Re-connaissance
J’insiste chaque fois sur l’importance de la re-connaissance, entre enfants, entre enfants et adultes, entre adultes. La re-connaissance passe aussi par l’empathie, celle-ci n’étant pas se mettre à la place de l’autre mais pouvoir percevoir ce que ressent l’autre et ce qui motive et justifie ses paroles et ses actes.

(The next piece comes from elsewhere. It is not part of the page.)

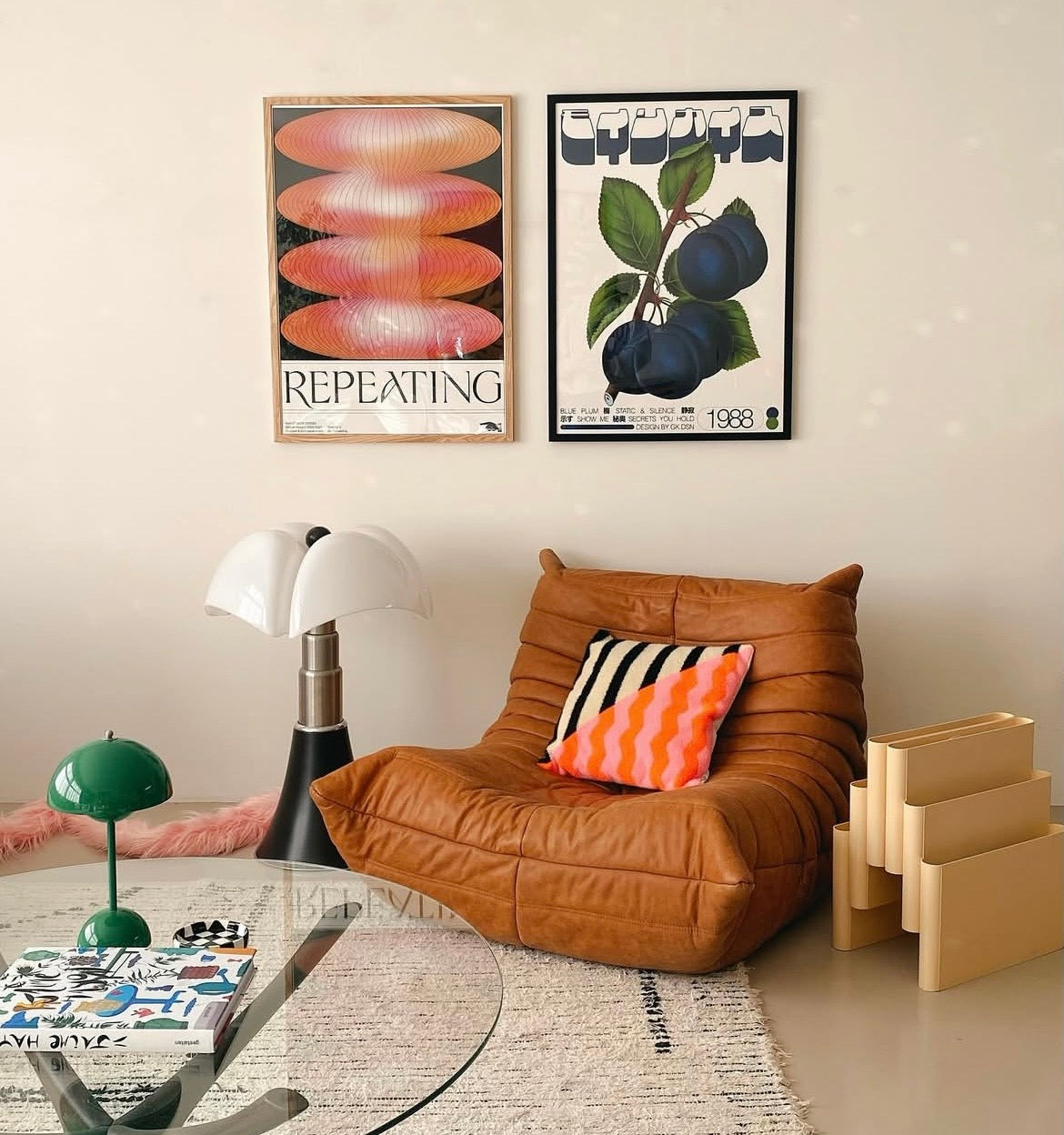 Casa Rolio Designer Cushions - Casa Rolio designer cushion with black and white checkered pattern and soft grey stripes, paired with a smooth cream-colored center. A luxury throw pillow to add a contemporary touch to your space.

Mon ami et philosophe social, Laurent Ott, relie la naissance, évènement personnel, à la re-connaissance qui est « re-naître » avec les autres (con-naissance). Je dirais même que c’est une succession de nouvelles naissances dans des communautés, avec et de par les autres, la première étant la famille. C’est aussi se re-connaître par ce que les autres reconnaissent en soi. Mais il y a aussi le danger souligné par Lacan : l’image que les autres renvoient de vous peut vous enfermer dans ce qui n’est plus vous ou inciter à chercher à vous conformer à cette image. La re-connaissance implique d’accepter l’autre dans son être et non pas dans ce que l’on voudrait qu’il soit.
Il est reconnu aujourd’hui que cette re-connaissance, qui assure aussi l’état sécure de chacun comme des collectifs, est indispensable pour pouvoir se construire, évoluer, parmi, avec et par les autres (certains se contenteront de dire « apprendre » !). L’école du 3ème type est fondée sur la liberté d’être et de faire dans une communauté autonome, mais il ne suffit pas de la déclarer ou de la proclamer, il faut la rendre possible.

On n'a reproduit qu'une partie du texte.